7.1 Understanding Cryptography
Cryptography is a
collection of mathematical techniques for protecting information.
Using cryptography, you can transform written words and other kinds
of messages so that they are unintelligible to anyone who does not
possess a specific mathematical
key
necessary to unlock the message. The process of using cryptography to
scramble a message is called
encryption.
The process of unscrambling the message by use of the appropriate key
is called
decryption.
Figure 7-1 illustrates how these two processes fit
together.
Cryptography is used to prevent information from being accessed by an
unauthorized recipient. In theory, once a piece of information is
encrypted, the encrypted data can be accidentally disclosed or
intercepted by a third party without compromising the security of the
information, provided that the key necessary to decrypt the
information is not disclosed and that the method of encryption will
resist attempts to decrypt the message without the key.
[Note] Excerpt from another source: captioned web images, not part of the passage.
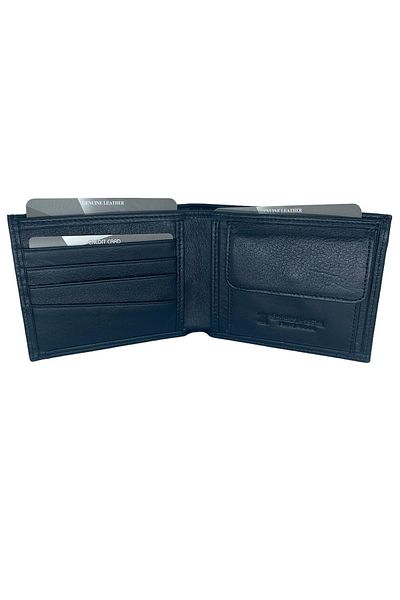 Süzer Deri 100% Genuine Leather Men's Wallet with Extra Credit Card Compartment Black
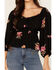 Image #3 - Wild Moss Women's Floral Embroidered 3/4 Sleeve Top, Black, hi-res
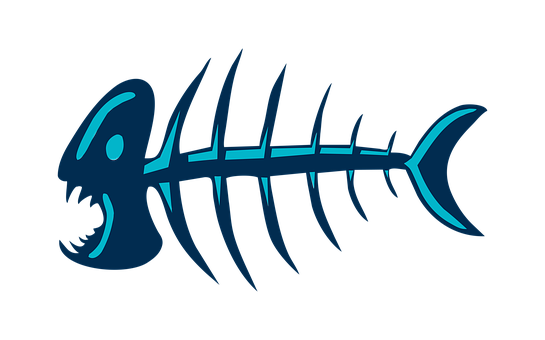 Stylized Fish Skeleton Graphic PNG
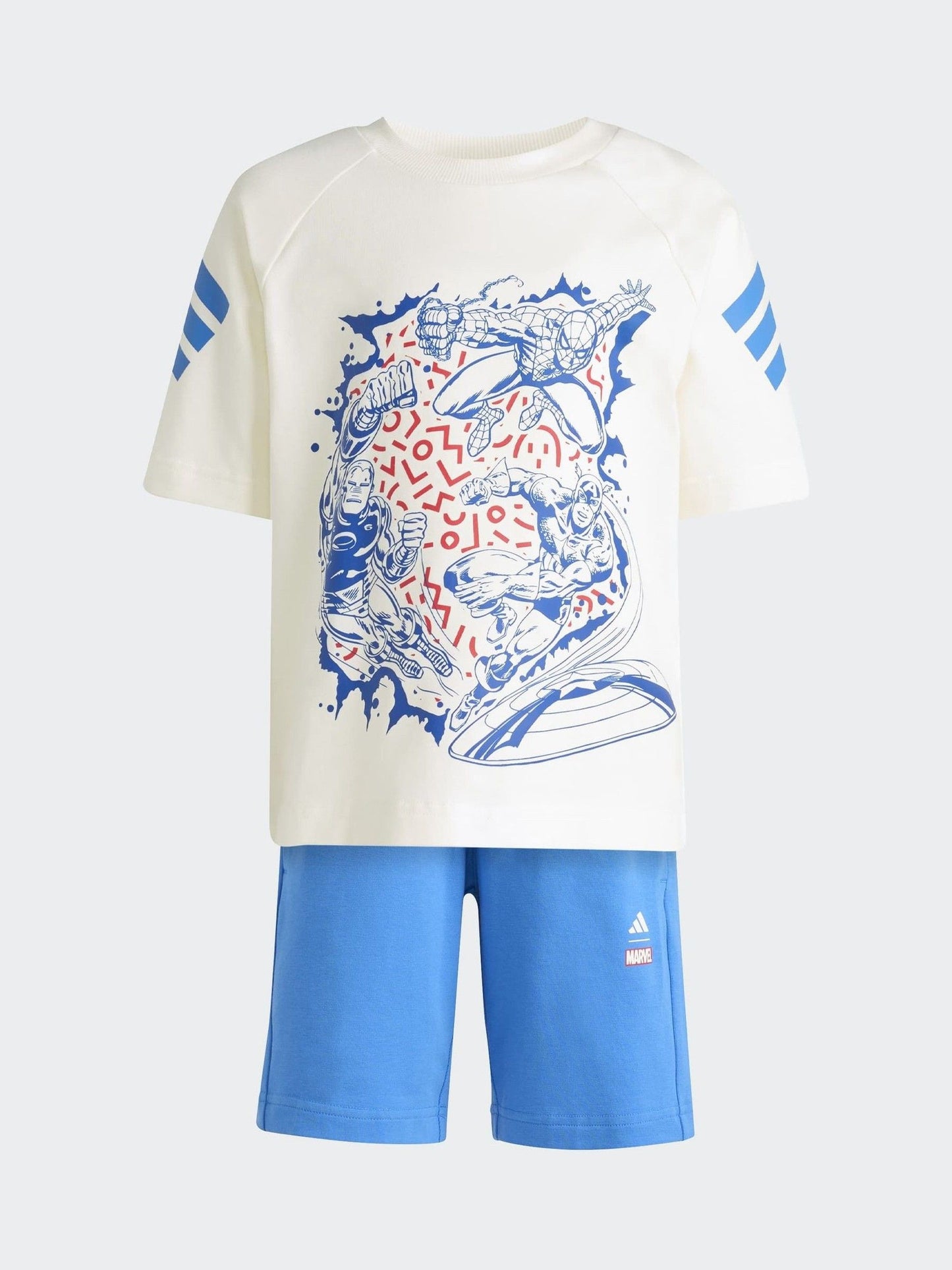 Dsiney Kidz - adidas White Marvel Avengers Little Kids T-Shirt and Shorts Set image 1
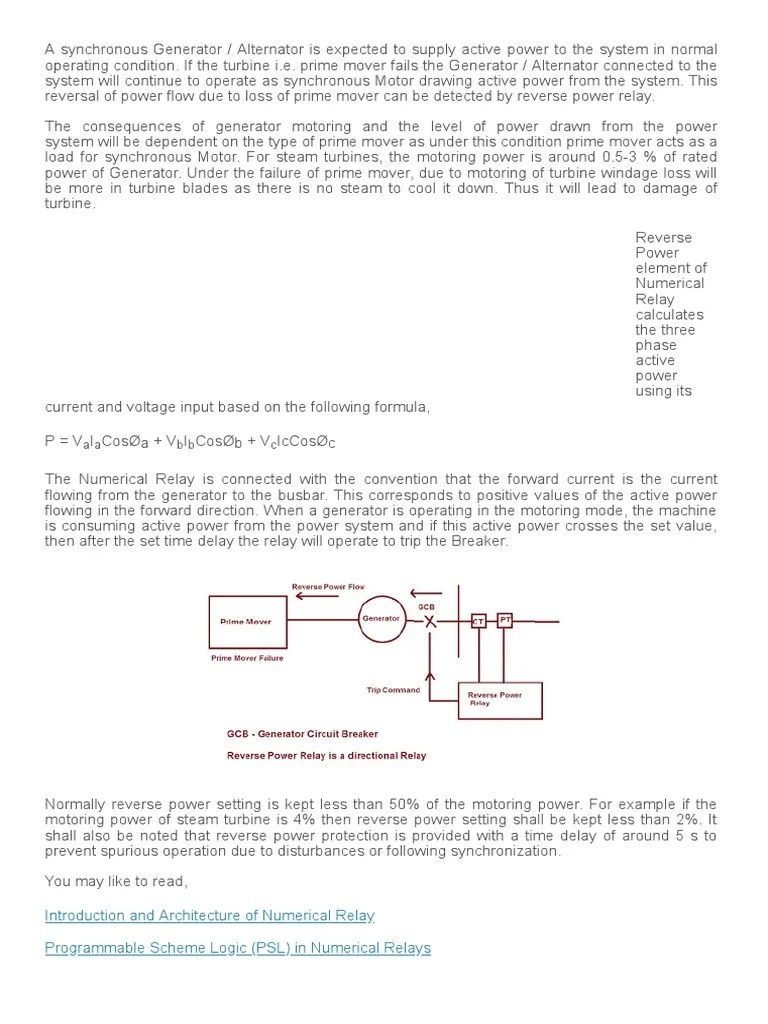 Reverse Power Protection of Generator Electrical Concepts PDF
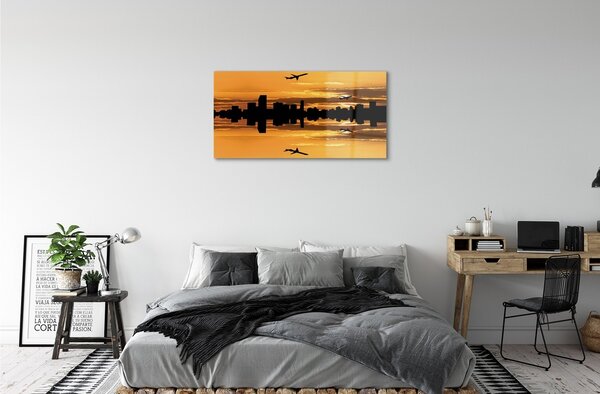 Obraz na skle Sun City lietadla 100x50 cm 2 Prívesky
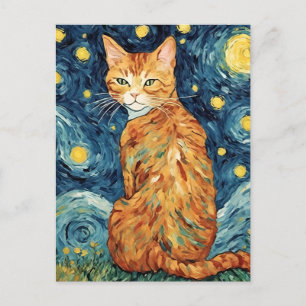 A Ginger Tabby Cat in The Starry Night Postcard
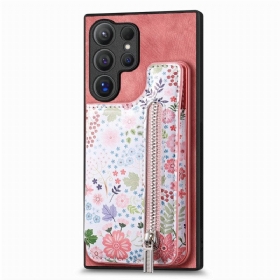 Κάλυμμα Samsung Galaxy S24 Ultra 5g Floral Integrated Wallet Σιλικόνης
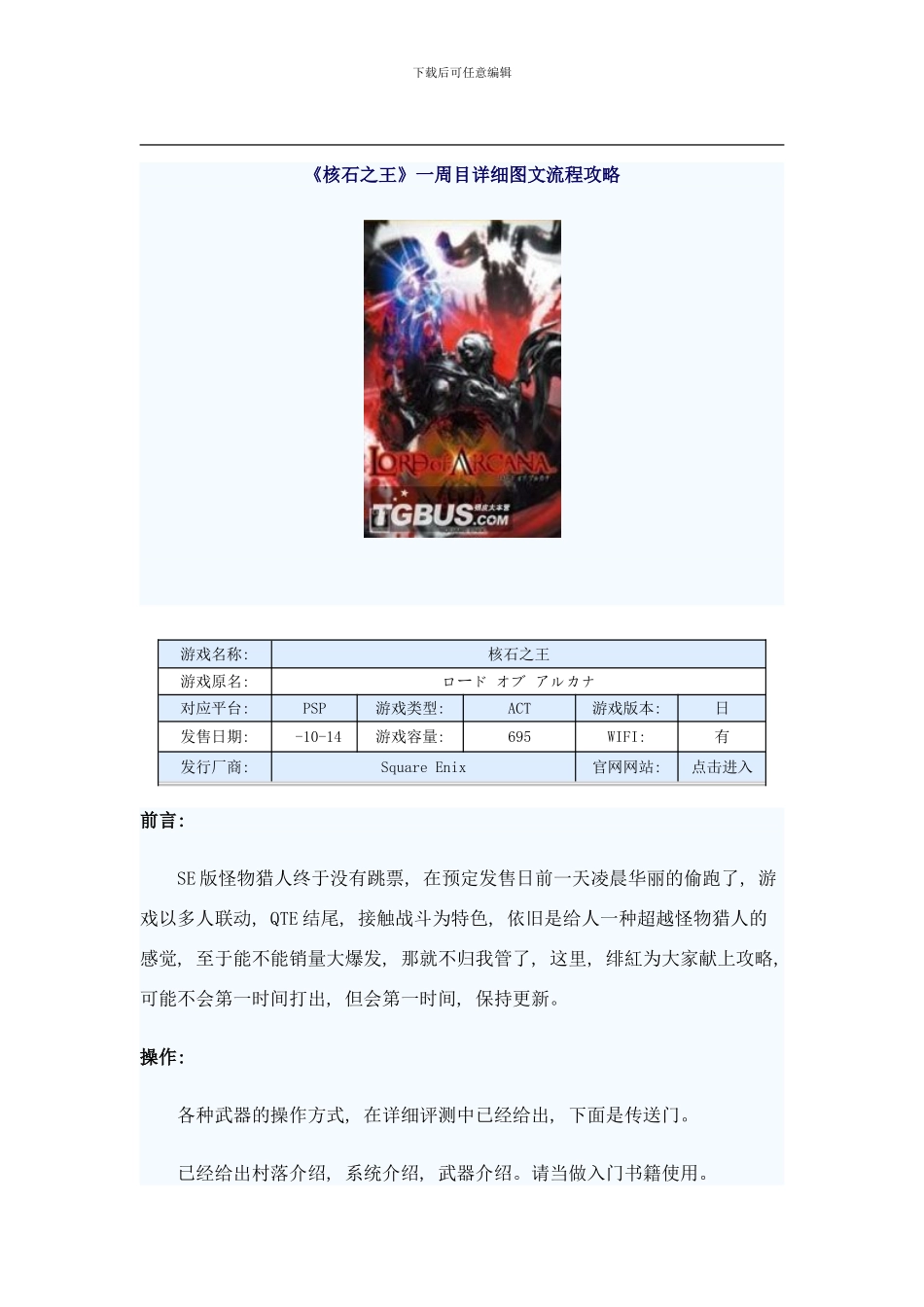 核石之王一周目详细图文流程攻略样本_第1页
For example, here is a message that you might want to encrypt:
SSL is a cryptographic protocol
And here is how the message might look after it has been encrypted:
Ç'@%[»FÇ«;$TfiP|x¿EûóõÑ%ß+ö~·...aÜ"BÆuâw
Because the decryption key is not shown, it should not be practical
to take the preceding line of gibberish and turn it back into the
original message.
7.1.1 Roots of Cryptography
The science of cryptography is thousands of
years old. In his book The Code Breakers, David
Kahn traces the roots of cryptography back to ancient Egypt, Greece,
and Rome. For example, writes Kahn, Greek generals used cryptography
to send coded messages to commanders who were in the field. In the
event that a messenger was intercepted by the enemy, the
message's content would not be revealed.
Most cryptographic systems have been based on two
techniques: substitution and transposition:
- Substitution
-
Substitution is based on the principle
of replacing each letter in the message you wish to encrypt with
another one. The Caesar cipher, for example, substitutes the letter
"a" with the letter
"d," the letter
"b" with the letter
"e," and so on. Some substitution
ciphers use the same substitution scheme for every letter in the
message that is being encrypted; others use different schemes for
different letters.
- Transposition
-
Transposition is based on scrambling the
characters that are in the message. One transposition system involves
writing a message into a table row by row, then reading it out column
by column. Double transposition ciphers involve using two such
transformations.
In the early part of the 20th century, a variety of electromechanical
devices were built in Europe and the United States for the purpose of
encrypting messages sent by telegraph or radio. These systems relied
principally on substitution because there was no way to store
multiple characters necessary to use transposition techniques. Today,
encryption algorithms running on high-speed digital computers use
substitution and transposition in combination, as well as other
mathematical functions.
7.1.2 Cryptography as a Dual-Use Technology
Cryptography is a "dual-use"
technology—that is, cryptography has both military and civilian
applications. There are many other examples of dual-use technologies,
including carbon fibers, high-speed computers, and even trucks.
Historically,
cryptography has long been seen as a
military technology. Nearly all
of the historical examples of cryptography, from Greece and Rome into
the modern age, are stories of armies, spies, and diplomats who used
cryptography to shield messages transmitted across great distances.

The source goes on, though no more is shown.